BEGIN Information provided

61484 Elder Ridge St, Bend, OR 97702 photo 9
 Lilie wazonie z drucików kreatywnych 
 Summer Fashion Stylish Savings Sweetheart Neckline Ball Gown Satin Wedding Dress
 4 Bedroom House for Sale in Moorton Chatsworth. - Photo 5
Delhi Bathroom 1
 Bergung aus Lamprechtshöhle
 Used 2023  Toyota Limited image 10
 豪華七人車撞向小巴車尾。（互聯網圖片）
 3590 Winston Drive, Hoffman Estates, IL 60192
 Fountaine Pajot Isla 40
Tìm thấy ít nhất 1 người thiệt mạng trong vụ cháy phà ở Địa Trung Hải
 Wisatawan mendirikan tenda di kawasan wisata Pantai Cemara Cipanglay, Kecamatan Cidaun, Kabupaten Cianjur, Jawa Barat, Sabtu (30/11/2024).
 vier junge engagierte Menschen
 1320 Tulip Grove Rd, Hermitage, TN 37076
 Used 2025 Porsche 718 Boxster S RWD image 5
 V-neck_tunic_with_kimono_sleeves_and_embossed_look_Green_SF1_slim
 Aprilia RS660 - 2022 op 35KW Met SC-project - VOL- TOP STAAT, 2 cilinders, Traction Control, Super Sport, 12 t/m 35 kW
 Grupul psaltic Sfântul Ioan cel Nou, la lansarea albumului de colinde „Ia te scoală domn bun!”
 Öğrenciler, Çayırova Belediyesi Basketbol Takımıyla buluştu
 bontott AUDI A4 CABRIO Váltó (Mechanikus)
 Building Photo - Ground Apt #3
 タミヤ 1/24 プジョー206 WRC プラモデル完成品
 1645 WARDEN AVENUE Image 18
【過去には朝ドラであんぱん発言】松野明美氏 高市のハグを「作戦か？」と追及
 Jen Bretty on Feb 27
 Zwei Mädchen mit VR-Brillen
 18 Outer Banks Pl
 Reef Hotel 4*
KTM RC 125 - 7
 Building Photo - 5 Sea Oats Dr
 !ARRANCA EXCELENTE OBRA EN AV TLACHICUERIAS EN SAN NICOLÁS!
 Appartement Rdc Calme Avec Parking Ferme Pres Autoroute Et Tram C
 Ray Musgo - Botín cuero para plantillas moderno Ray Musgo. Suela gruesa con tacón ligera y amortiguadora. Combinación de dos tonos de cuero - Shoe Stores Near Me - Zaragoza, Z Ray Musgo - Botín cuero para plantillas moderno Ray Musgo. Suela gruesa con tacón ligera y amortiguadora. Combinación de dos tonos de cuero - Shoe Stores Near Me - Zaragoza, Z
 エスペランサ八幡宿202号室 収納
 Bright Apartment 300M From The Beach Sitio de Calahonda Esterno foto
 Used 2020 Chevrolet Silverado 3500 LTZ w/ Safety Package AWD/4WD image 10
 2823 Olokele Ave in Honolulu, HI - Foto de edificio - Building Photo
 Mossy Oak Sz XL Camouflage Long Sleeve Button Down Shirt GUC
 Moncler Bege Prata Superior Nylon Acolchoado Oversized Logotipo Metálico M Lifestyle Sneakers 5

END Information provided

■ To do ■
Could you transcribe the entries above word for word, from the line with "Zwei Mädchen mit VR-Brillen" down to the line with "Appartement Rdc Calme", keeping both?

■ Response below ■
 Zwei Mädchen mit VR-Brillen
 18 Outer Banks Pl
 Reef Hotel 4*
KTM RC 125 - 7
 Building Photo - 5 Sea Oats Dr
 !ARRANCA EXCELENTE OBRA EN AV TLACHICUERIAS EN SAN NICOLÁS!
 Appartement Rdc Calme Avec Parking Ferme Pres Autoroute Et Tram C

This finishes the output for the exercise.